Recorded information:
>>>>

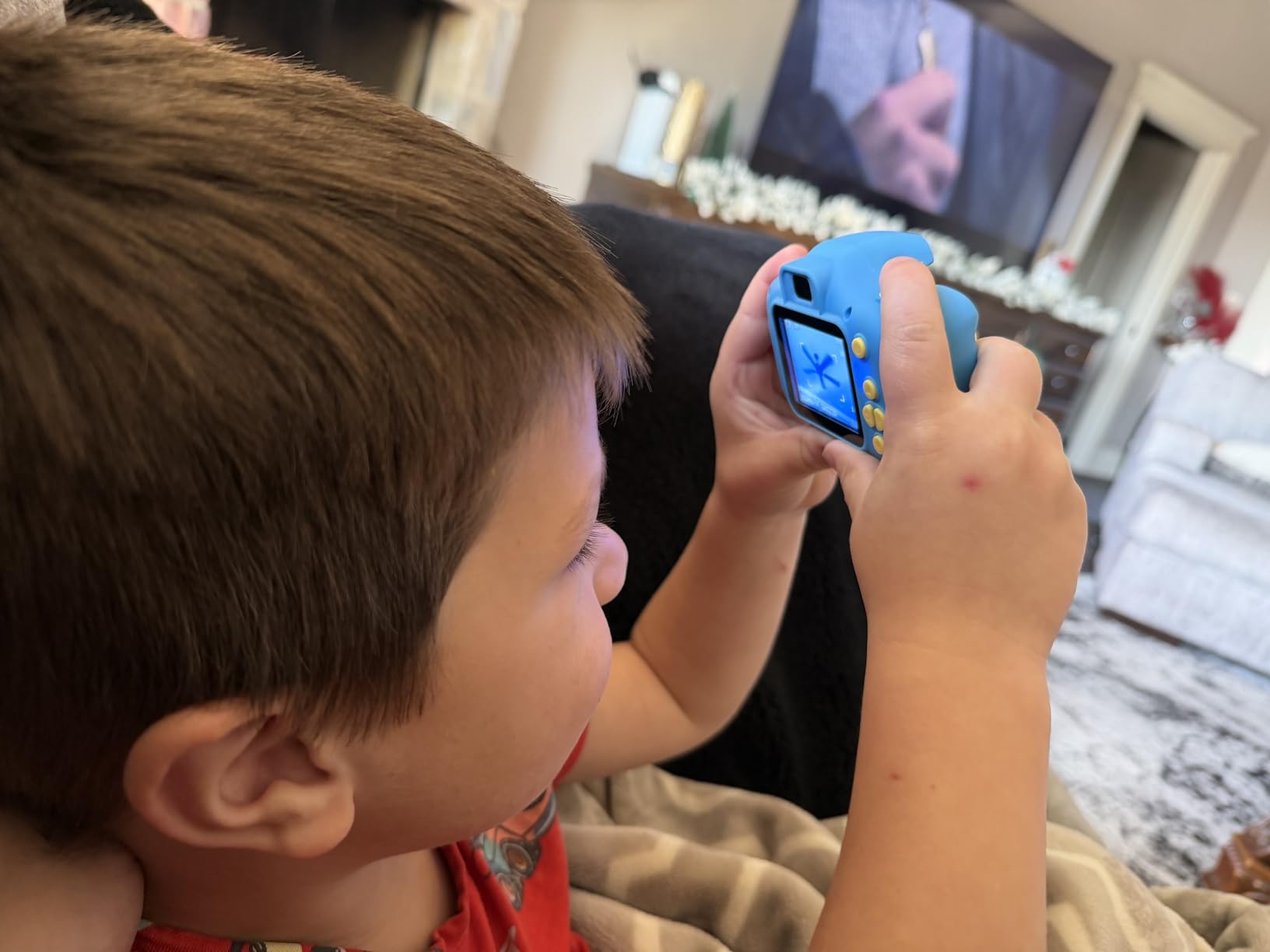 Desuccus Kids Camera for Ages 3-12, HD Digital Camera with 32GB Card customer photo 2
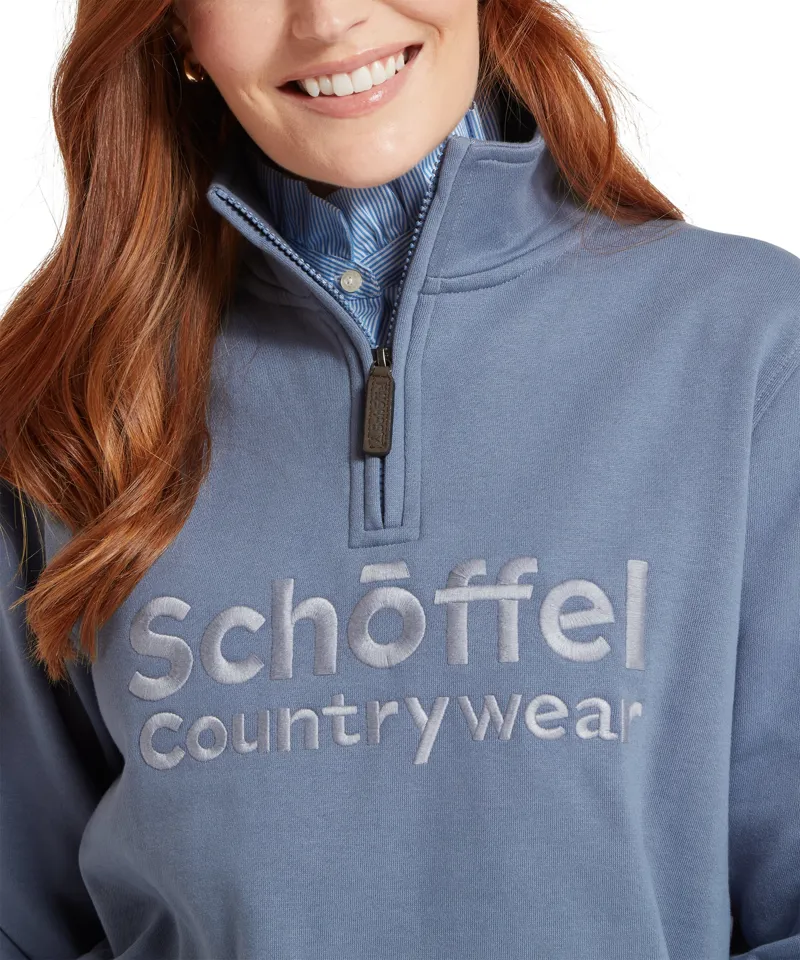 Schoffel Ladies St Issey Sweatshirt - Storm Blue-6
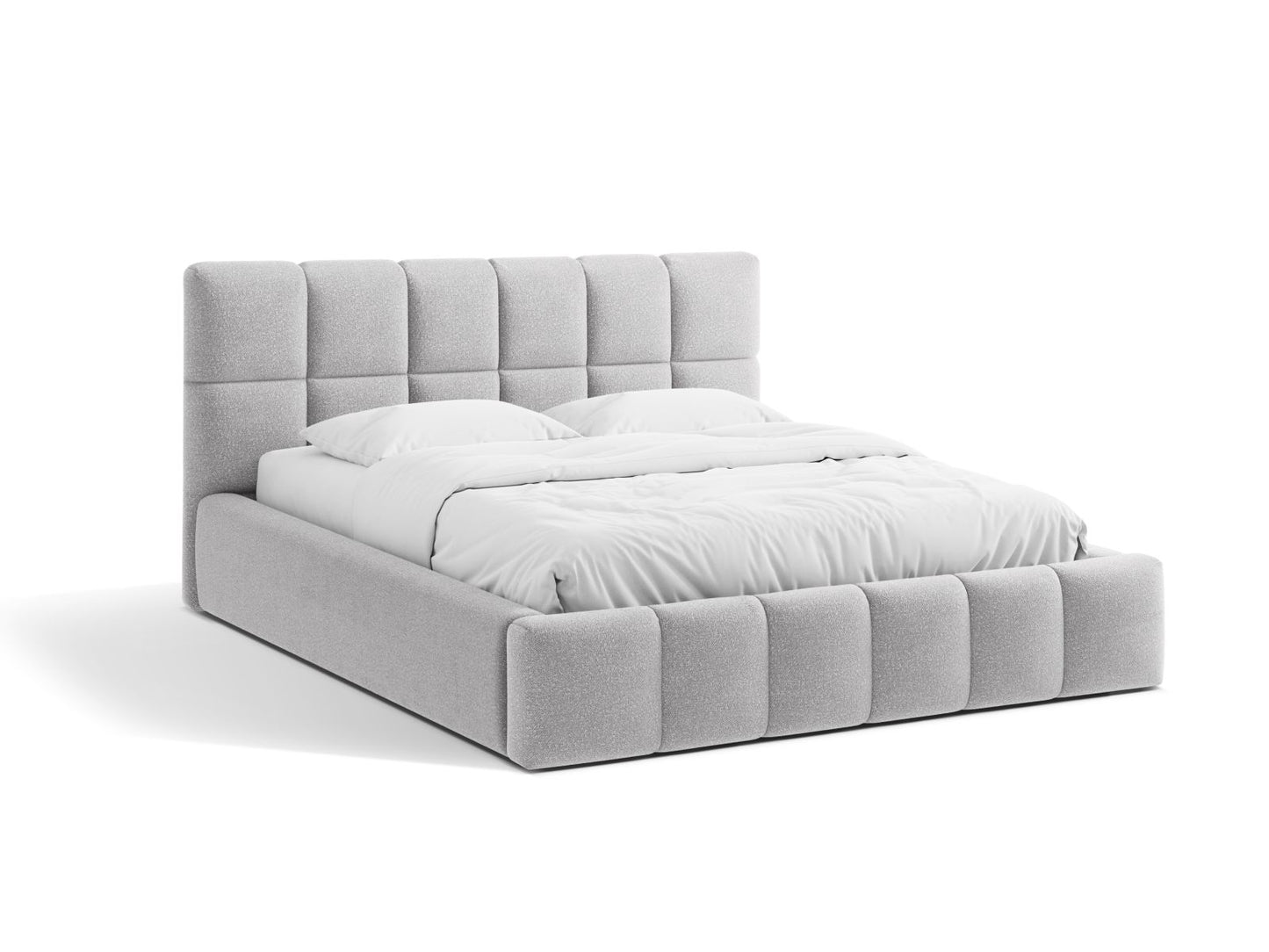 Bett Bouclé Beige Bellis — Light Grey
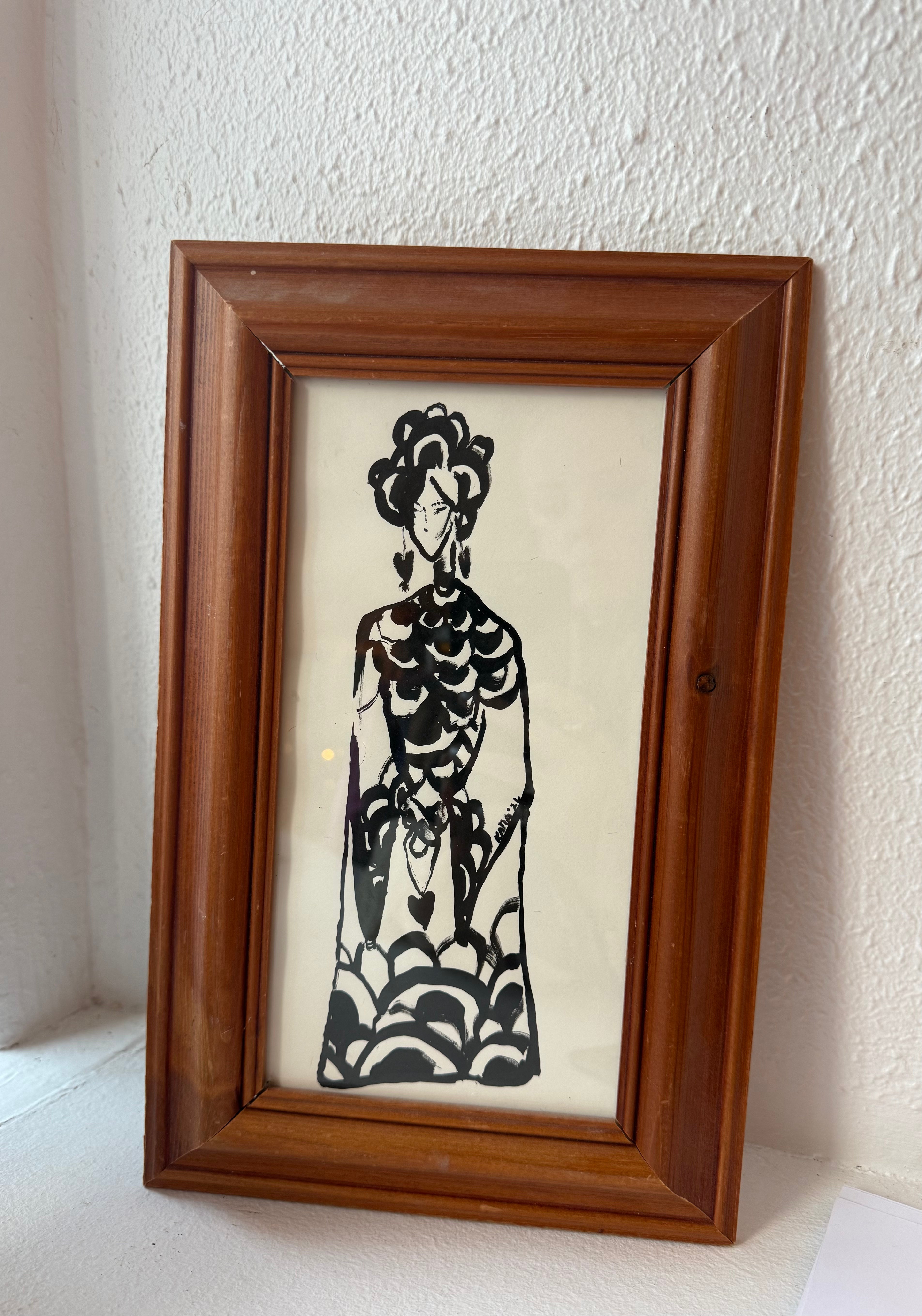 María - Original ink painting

<<<<

Work to complete:
Repeat the material above exactly; pictures do not belong in the copy.

Written answer:
 Desuccus Kids Camera for Ages 3-12, HD Digital Camera with 32GB Card customer photo 2
 Schoffel Ladies St Issey Sweatshirt - Storm Blue-6
 Bett Bouclé Beige Bellis — Light Grey
 María - Original ink painting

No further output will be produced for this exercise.